If it's intermittent my initial guess (without looking at the guitar) would be a technique issue.


----------



## jbealsmusic (Feb 12, 2014)

thsc said:


> My acoustic guitar's B string sometimes buzzes when I strum. I looked to see if the action is too low in which case the string might be touching close to the next fret, but that wasn't the case. It also doesn't buzz at all times or when I use a single finger tip to play that string. However, when I play chords it tends to buzz quite a bit and I noticed that it doesn't have anything to do with my finger being too far outside the fret either. Mainly I can hear the buzzing near the bridge. I'm wondering if this is a common issue or if this is something anyone else has encountered before? It's only the B string that buzzes for some reason. It's my first acoustic guitar, so I'm not really sure what's wrong.


If it happens mainly when you play chords, it is most likely a technique issue. Can you re-create the buzzing by playing any other strings/frets? Does it buzz when you play the string openly, without your left hand on the guitar?

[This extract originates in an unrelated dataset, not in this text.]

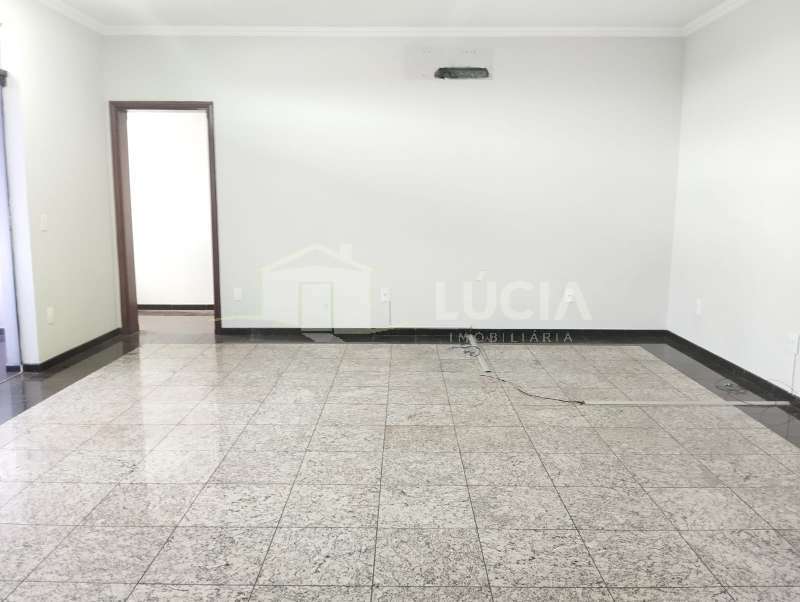 Sala Comercial à Aluguel no bairro Vila Assis em Jaú imagem 5
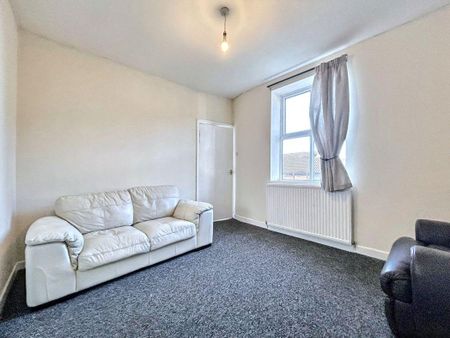 2 bed terraced house to rent in SR8 - Photo 3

Aside from technique, one possible simple explanation is that occasionally the ball end of a string can rest loosely under the bridge pin which will allow it to vibrate when certain frequencies resonate in the guitar. Take it in and get it looked at, or at least, get it re-strung. If you want to try it yourself, you can. It is simple to figure out yourself using your intuition, books, or the internet. But it is also easy to do it "wrong" without knowing. I always recommend asking a tech to show you how to change the strings.

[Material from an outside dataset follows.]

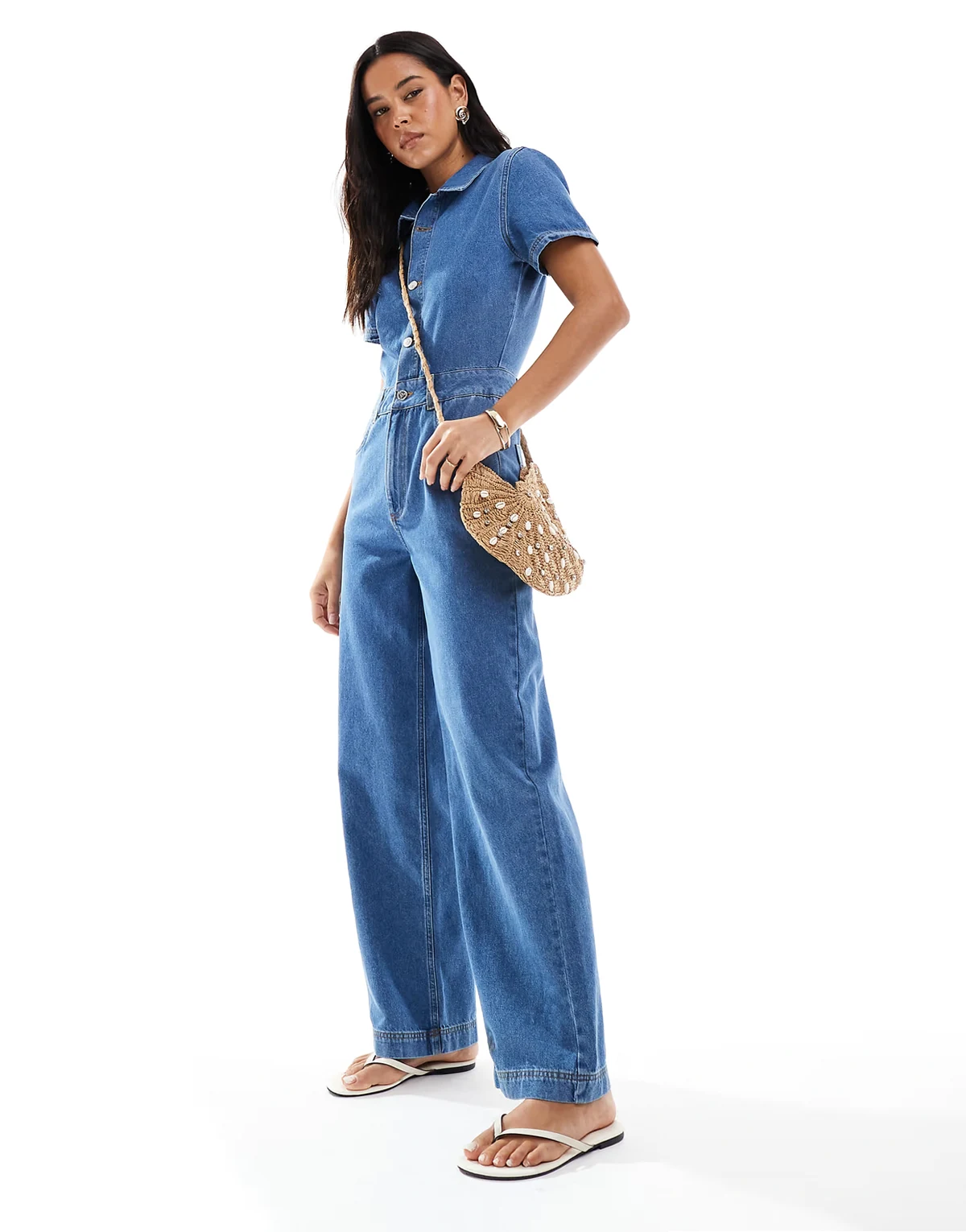 – Kurzärmliger Jeans-Jumpsuit in mittlerer Waschung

Instructions if you want to do it yourself: Loosen/remove the B-string and remove the bridge pin. Make sure there is no damage to the hole or to the pin itself. Put the ball-end back in the hole and put the bridge pin back in, give the string a good tug while holding down the pin to tighten the ball-end to the inside of the guitar. Try not to kink the string when you pull. Then, re-attach/wind/tune the string up and see if it is still buzzing. If not, yay! You solved the problem. If it is, don't give up hope yet. Just because it buzzes when you play the B string, that doesn't mean the B-string is the culprit. It may be that playing the B-string just happens to hit the frequency that causes the "other" ball end to vibrate. Do the same thing with all the rest of the strings until it goes away.

If that doesn't work, go back to plan A. Take it in and have it looked at. The above is just one possibility among many.

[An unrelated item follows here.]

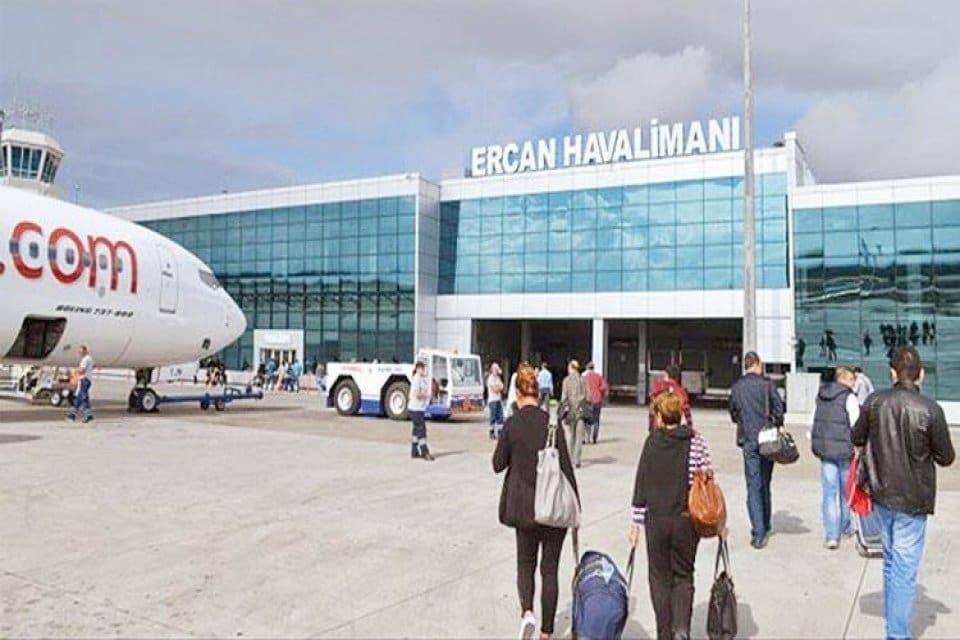 Ercan havalimanında isim değişikliği şehit Pilot Binbaşı Fehmi Ercan&rsquo;ın ailesini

Fun side story: I help out at a local music store, but I am not their guitar tech. One day while I was there, a guy brought in his acoustic guitar to have it looked at for buzzing strings. I happened to be at the counter, so I took the guitar and asked when/where he experiences the buzzing. I played the neck up and down using chords and scales but couldn't find any buzzing so I gave it back to him and said, "It doesn't seem to have a problem. Could you show me when it starts to buzz on you?" Then he played a few chords and the buzzing came back. I ended up sitting with him for 5-10 minutes to explain how his technique was the culprit, and what he needed to work on. He probably could have spend $100 having the guitar looked at and repaired, but it wouldn't have helped.


----------



## bluebayou (May 25, 2015)

The buzzing - does it sound sitar like? If so could be one finger too close to another string, happens to me when playing a C chord. My first finger lying too flat and close to the e string. Technique. OR if the string is being played open all the way to the nut, the string slot in the nut could be too big. People have suggested using crazy glue to fill in the slot and tighten up the groove. Short term fix only. The string will eventually wear the crazy glue away. Best fix is either a new nut or larger string diameter. It certainly doesn't sound like the truss rod.


----------



## thsc (Dec 11, 2014)

jbealsmusic said:


> If it happens mainly when you play chords, it is most likely a technique issue. Can you re-create the buzzing by playing any other strings/frets? Does it buzz when you play the string openly, without your left hand on the guitar?
> 
> Aside from technique, one possible simple explanation is that occasionally the ball end of a string can rest loosely under the bridge pin which will allow it to vibrate when certain frequencies resonate in the guitar. Take it in and get it looked at, or at least, get it re-strung. If you want to try it yourself, you can. It is simple to figure out yourself using your intuition, books, or the internet. But it is also easy to do it "wrong" without knowing. I always recommend asking a tech to show you how to change the strings.
> 
> ...


So I actually changed the strings with a new set, but the B string still buzzes. When I'm forming a chord, it buzzes about half the time, regardless of what the chord is. I could be playing something as simple as an A chord and it will randomly buzz even though my technique is correct. My figner isn't lying flat on the string and it's right up next to the fret. The buzzing noise also mainly comes from near the bridge (not sure if all buzzing sounds that way). I suppose I might have to take it in to get it looked at but any other suggestions/alternatives would be helpful. To me, it sounds like an issue with the ball end of the string because the buzzing originates from there. However, I've already replaced it with a new string and tried to re-string the new string again, so I'm not sure why it's bugging me again, specifically on the B string.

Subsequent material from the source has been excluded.